On Mon, February 27, 2012 11:05 pm, Anthony Ferrara wrote:
> <?php
> class Foo {
>     public $value = 1;
> }
> class Bar {
>     public $value = 1;
>     public function __castTo($type) {
>         return $this->value;
>     }
>     public function __assign($value) {
>         $this->value = $value;
>         return $value != 10;
>     }
> }
>
> $a = new Foo;
> $b = new Bar;
> $a++;

So, here's the thing...

This obviously trivial example makes perfect sense, until you realize
that some moron (and PHP has lots of them) will sooner or later make
++ do something completely weird, and I'm going to have to edit their
code-base and will have to dig through umpteen class files to figure
out what the heck ++ means...

I can see a lot of legitimate serious coders using this wisely.
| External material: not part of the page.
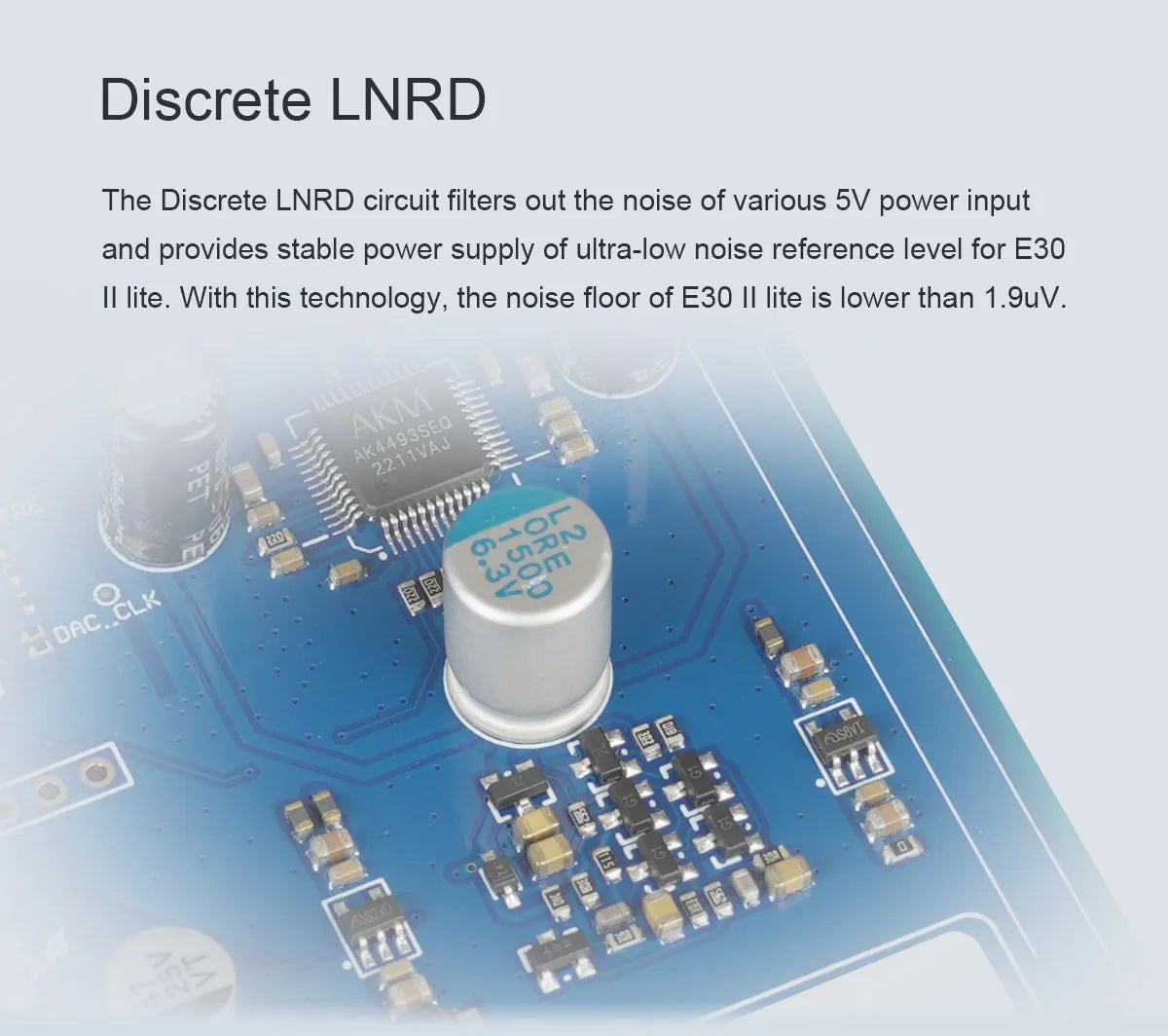 E30II LITE Silver DAC 32bit 768kHz DSD512 Audio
Unfortunately, I can see a million scripters using it very un-wisely.

I can even see people overloading the plus operator for an object
wrapped around an array in multiple different ways, then pulling in
different libraries that seem quite useful, and the only way I can
figure out what "+" means is to dig through even more files and figure
out which bastard child this object comes from, that was passed into
some random function that uses + on it.

And then god knows what happens when you do:

$foo = new Foo(); //from library A
$bar = new Bar(); //from library B
$foobar = $foo + $bar;
//Will this last statement even make sense, even though both Foo and
Bar override the + operator, just in entirely different ways...

How can you even guarantee that $foo, presumably taking precedence,
won't attempt to access a non-existent property of Bar, generating an
ignored E_NOTICE on most hosts, and introduce a subtle bug that nobody
notices for months, even years, in a seldom-used function?
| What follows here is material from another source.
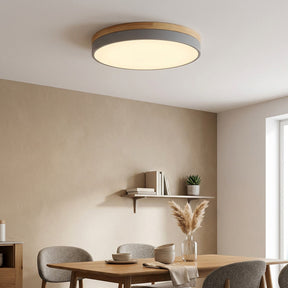 Aria Wood Flush Mount Ceiling Lamp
Consider the trivial example where Foo uses array_sum() and Bar uses
count() comes up with a number.  It's a totally meaningless number in
any real-world scenario.  How would one detect this bug, really, in
some mish-mash of libraries from PEAR/PECL/homebrew-MVC/Framework.

I'm sure you can define the "rules" in a page or so for precedence in
type-casting and what happens when.

But I really am not interested in figuring out the "rules" for + when
I've been using it the same way since 2nd grade, with modest changes
over the years that follow the spirit of "+"

Your proposal lets one re-define + to mean whatever one wants, and
while you might not abuse that, somebody else will...

You might as well install runkit on everybody's server and let them
have at it. :-)

PHP was founded on the KISS principle, so that newbies can, in fact,
write sub-optimal but working code quickly to get a website up, and to
keep newbie fingers out of mashing gears.

This is way over-the-top from that principle.